Spowart’s journey into forensic accounting included a stint in corporate audit, focusing on SMEs. The skills she developed in audit are crucial in her current position. “An inquisitive mind is key. There’s a lot in seeing the big picture, but also having a really close attention to detail. Nobody wants a protracted investigation, so it’s about identifying issues, finding the right evidence to support that and drilling down into it,” says Spowart.
“My audit days were also invaluable in teaching me how a business works. A lot of experience comes with having a gut feel of the right questions to ask. Being a good communicator who can ask the right questions and actively listen to the answers is important. It can open new areas to investigate.”
The distinct specialism has led to speculation the role may become a profession in its own right, much as audit is increasingly being separated from accountancy. Issues around cyber-crime, cryptocurrencies and the recent conclusion of the Post Office scandal – when more than 700 sub-postmasters were prosecuted for false accounting based on inaccurate information from the Horizon computer system – have also raised the role’s profile.
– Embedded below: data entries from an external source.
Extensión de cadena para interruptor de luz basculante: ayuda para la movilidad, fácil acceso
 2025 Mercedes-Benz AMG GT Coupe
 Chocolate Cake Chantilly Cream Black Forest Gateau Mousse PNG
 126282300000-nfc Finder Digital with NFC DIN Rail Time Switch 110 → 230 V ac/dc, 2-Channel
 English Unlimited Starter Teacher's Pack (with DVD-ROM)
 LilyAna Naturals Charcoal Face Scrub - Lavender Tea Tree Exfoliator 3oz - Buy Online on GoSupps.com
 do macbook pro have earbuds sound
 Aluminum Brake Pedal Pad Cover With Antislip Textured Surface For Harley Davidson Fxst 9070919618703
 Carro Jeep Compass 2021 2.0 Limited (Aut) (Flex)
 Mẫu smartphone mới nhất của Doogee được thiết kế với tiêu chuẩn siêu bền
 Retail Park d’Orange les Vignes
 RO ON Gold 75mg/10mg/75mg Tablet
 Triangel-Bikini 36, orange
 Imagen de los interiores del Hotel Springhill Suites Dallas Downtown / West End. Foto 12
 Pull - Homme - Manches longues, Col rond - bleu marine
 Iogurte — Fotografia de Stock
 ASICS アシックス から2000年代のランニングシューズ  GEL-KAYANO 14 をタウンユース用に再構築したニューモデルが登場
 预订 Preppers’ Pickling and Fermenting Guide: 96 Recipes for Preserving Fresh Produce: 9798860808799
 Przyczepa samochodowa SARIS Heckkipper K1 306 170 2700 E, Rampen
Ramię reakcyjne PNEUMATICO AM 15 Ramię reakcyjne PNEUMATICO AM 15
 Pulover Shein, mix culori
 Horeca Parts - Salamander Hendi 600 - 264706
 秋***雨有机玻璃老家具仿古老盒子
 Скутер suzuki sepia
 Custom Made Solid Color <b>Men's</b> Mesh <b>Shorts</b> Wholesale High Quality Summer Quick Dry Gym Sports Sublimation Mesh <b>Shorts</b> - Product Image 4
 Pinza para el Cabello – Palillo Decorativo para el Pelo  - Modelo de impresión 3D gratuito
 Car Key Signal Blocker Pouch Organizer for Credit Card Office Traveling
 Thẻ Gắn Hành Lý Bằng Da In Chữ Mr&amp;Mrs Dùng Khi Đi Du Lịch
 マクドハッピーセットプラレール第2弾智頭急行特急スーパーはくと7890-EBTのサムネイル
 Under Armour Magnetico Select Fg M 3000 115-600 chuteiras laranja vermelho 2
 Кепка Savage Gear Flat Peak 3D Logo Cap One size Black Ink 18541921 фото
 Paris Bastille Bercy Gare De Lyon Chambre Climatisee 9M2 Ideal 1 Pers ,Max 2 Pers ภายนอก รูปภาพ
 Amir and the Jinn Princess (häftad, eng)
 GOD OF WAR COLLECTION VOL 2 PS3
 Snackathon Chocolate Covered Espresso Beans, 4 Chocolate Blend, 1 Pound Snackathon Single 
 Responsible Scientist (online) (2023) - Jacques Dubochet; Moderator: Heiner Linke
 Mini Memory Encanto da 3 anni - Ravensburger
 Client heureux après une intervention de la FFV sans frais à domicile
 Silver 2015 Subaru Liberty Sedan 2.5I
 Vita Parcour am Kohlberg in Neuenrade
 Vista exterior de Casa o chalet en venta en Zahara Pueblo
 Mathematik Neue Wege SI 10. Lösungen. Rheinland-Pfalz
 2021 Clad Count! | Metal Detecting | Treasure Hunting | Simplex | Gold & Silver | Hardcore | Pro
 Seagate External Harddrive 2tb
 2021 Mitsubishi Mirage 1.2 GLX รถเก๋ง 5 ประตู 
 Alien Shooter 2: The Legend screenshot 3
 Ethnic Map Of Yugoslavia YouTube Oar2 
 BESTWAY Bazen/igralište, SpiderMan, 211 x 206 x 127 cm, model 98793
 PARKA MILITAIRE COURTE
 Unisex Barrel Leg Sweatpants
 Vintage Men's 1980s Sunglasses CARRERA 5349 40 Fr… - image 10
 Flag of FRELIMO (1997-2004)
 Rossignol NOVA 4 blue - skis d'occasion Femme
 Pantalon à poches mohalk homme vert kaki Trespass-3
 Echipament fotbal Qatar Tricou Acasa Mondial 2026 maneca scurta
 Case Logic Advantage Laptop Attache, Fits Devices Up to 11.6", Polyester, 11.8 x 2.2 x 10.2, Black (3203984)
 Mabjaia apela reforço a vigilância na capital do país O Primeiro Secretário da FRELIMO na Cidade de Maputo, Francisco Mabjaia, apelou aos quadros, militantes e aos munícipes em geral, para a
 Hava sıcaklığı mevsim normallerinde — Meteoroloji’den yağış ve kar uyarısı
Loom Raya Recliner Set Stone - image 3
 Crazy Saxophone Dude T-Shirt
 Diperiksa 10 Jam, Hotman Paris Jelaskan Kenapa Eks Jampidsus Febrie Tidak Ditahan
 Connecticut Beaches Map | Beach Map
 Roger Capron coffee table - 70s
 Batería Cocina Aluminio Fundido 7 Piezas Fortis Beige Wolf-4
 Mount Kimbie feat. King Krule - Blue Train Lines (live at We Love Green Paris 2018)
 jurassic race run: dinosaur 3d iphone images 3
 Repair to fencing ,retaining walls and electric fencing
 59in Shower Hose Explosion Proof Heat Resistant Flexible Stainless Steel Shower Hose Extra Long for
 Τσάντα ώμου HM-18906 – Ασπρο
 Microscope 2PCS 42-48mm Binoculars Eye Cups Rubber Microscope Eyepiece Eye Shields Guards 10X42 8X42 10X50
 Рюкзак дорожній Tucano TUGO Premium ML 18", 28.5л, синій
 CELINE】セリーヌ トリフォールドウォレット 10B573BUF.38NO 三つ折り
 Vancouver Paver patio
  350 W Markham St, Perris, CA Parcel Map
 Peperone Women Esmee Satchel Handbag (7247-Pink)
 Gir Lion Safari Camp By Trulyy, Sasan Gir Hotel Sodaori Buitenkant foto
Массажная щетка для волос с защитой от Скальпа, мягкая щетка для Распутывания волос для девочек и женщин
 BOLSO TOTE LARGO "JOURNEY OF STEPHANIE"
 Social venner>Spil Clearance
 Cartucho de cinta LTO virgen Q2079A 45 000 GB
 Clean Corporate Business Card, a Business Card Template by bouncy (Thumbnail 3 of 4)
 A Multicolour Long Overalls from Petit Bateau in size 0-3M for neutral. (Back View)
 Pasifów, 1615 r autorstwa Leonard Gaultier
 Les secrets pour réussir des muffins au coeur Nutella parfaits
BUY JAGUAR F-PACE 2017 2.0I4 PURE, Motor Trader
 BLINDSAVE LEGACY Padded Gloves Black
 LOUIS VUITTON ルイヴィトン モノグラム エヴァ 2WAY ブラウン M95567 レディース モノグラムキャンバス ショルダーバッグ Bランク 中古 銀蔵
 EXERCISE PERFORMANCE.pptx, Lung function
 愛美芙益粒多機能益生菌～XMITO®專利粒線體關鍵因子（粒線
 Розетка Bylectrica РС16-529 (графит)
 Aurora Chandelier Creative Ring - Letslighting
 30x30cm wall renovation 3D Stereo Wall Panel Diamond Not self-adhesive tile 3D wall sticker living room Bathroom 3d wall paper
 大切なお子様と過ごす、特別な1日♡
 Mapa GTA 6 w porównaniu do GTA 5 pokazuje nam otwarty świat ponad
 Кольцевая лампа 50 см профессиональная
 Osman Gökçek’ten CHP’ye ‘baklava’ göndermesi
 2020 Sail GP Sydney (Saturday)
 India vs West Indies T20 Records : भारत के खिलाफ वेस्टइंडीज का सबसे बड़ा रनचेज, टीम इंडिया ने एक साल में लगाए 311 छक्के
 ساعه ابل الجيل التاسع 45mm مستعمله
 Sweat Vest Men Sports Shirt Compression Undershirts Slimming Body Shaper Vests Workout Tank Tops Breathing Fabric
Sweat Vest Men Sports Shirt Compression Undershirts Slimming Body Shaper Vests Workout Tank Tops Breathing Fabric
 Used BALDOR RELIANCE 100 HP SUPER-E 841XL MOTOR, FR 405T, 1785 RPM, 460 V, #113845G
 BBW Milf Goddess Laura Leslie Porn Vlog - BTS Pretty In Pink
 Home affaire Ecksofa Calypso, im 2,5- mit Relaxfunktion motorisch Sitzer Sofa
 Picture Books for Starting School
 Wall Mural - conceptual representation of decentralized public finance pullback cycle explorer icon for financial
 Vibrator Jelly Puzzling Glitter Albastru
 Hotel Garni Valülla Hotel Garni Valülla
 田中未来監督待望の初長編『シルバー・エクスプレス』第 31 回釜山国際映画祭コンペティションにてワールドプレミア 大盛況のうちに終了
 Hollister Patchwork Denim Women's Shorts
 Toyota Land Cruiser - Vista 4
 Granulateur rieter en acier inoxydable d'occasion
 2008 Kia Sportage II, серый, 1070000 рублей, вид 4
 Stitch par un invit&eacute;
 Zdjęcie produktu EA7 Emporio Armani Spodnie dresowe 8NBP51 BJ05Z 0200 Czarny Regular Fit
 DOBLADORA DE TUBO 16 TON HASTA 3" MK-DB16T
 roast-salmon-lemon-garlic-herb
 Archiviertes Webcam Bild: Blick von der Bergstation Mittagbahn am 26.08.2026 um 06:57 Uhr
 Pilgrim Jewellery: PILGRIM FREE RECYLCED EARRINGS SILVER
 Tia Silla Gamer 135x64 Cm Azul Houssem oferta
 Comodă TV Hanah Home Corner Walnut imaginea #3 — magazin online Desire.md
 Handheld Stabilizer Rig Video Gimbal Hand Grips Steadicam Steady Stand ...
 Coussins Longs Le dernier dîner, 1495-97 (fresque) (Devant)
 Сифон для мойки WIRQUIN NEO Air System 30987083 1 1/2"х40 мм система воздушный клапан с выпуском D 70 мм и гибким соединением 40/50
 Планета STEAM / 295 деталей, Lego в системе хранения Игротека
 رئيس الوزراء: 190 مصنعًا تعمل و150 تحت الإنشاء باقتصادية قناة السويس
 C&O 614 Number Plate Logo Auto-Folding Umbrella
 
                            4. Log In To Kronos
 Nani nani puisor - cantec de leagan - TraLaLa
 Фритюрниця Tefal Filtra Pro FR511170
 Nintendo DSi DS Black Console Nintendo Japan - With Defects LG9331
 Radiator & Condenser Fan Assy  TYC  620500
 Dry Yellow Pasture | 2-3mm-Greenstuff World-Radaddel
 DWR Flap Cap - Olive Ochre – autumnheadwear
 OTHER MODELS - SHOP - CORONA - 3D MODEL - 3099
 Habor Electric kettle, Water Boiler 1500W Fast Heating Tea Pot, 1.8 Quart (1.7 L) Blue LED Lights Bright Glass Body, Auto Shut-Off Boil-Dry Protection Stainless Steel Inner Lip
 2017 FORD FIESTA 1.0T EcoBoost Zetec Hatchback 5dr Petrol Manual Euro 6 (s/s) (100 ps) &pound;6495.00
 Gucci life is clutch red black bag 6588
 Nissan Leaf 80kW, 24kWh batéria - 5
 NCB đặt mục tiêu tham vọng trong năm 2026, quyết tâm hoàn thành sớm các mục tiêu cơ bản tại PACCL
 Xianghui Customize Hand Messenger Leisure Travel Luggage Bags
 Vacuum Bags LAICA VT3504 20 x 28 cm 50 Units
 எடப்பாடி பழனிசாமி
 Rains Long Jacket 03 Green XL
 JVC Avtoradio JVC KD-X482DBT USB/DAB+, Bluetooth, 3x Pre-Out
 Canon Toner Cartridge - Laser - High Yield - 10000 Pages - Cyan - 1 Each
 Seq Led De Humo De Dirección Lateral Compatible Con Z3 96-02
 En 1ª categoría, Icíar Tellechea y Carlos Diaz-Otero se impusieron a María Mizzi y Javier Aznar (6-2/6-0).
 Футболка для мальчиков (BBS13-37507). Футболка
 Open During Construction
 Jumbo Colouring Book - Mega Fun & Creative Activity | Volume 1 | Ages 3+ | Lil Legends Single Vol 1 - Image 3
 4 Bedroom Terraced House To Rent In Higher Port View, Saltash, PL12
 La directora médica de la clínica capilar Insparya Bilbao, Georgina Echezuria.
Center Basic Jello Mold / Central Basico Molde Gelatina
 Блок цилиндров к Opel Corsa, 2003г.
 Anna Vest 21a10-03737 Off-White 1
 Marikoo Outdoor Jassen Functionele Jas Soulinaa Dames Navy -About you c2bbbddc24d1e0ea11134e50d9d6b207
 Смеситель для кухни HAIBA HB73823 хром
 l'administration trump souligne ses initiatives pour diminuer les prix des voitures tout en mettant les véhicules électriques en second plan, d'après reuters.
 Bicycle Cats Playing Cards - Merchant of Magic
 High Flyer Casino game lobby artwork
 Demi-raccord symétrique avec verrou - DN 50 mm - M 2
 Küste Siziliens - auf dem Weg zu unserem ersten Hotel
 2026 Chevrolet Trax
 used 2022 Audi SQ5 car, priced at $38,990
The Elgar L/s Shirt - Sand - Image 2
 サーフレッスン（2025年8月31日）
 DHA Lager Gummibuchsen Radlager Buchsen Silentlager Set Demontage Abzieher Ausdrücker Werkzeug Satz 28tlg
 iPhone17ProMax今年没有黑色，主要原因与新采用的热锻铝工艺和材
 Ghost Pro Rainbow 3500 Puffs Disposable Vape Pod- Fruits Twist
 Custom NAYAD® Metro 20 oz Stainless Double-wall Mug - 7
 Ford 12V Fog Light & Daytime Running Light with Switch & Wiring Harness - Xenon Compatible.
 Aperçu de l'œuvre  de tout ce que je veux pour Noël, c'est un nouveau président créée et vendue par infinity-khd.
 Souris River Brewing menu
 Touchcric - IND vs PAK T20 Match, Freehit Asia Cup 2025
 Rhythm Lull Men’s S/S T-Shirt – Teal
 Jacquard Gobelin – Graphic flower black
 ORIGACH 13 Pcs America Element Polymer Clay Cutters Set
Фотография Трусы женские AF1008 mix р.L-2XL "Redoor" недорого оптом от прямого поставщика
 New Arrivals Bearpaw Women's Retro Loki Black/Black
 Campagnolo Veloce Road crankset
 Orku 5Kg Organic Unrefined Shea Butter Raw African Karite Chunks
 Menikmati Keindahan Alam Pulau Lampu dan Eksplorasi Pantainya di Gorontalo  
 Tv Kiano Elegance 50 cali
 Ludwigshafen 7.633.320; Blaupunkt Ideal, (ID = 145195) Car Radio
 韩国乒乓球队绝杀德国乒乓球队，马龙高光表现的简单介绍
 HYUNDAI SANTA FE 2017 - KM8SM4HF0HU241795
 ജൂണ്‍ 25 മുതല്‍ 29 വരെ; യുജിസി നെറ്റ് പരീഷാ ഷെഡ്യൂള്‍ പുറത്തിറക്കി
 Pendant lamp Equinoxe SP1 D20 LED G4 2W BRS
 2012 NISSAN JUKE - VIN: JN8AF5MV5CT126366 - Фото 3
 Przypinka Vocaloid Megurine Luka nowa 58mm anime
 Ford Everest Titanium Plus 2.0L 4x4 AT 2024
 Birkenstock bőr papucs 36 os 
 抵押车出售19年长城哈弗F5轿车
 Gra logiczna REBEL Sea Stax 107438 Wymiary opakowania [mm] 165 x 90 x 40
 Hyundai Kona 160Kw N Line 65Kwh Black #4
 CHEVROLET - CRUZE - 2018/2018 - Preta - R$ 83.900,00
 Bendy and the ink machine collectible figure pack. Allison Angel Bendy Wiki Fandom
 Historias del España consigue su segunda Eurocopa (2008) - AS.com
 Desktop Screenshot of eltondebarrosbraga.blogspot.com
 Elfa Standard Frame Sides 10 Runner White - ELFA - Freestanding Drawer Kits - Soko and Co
Kenneth Murray CA is Head of Forensic Accountancy at Police Scotland, which he joined in 2013 after roles with Scottish Crime and Drug Enforcement Agency and, before that, ICAS as Assistant Director, Legal Services. He believes investigations into economic crime have become more important to both law enforcement and society as a whole, with forensic accountants a key component. “Organised crime is increasingly involved in economic crime, which has implications for the way society and business need to be protected. Traditionally, this has been a weakness, but things have changed since I came into law enforcement, particularly in terms of the capabilities of financial investigators and the support economic crime has,” he says.
An inquisitive mind is key. There’s a lot in seeing the big picture, but also having a really close attention to detail.
Murray’s role is twofold. First, he provides advice to investigation teams who need access to a qualified chartered accountant. Secondly, he acts as a professional witness, providing court reports that make financial evidence understandable to juries. Preparation and the ability to communicate complex data succinctly is vital, with Murray often testifying in court over several days.
“You have to be able to handle yourself in a witness box,” he says. “You have to have the attitude that you’re going to be taken apart. If you’re properly prepared, you’re confident you can convey evidence and handle yourself in the face of aggressive cross-examination.”
Like Spowart, Murray believes a mix of creative thinking and strong attention to detail is vital. As someone recently diagnosed with ADHD, he says he has found his calling in his current role. “I qualified at Arthur Andersen in 1986 and I remember doing a psychometric test,” he says. “My score was very strong on the creative side and less so on the analytical, which isn’t typical for finance. Forensic accountancy offers a place in finance for people who are not neurotypical. You need to be analytical, but also able to visualise the crime. My condition is well suited to that.”
What does this veteran of the sector think of forensic accountancy’s future? “The next 10 years will see more identification of it as a separate discipline and it will become more of an offering from big firms,” he says. “It’s an attractive career path. Forensic accountants can make tangible differences. We can help the organisations we work for face the challenges of our fast-changing world.”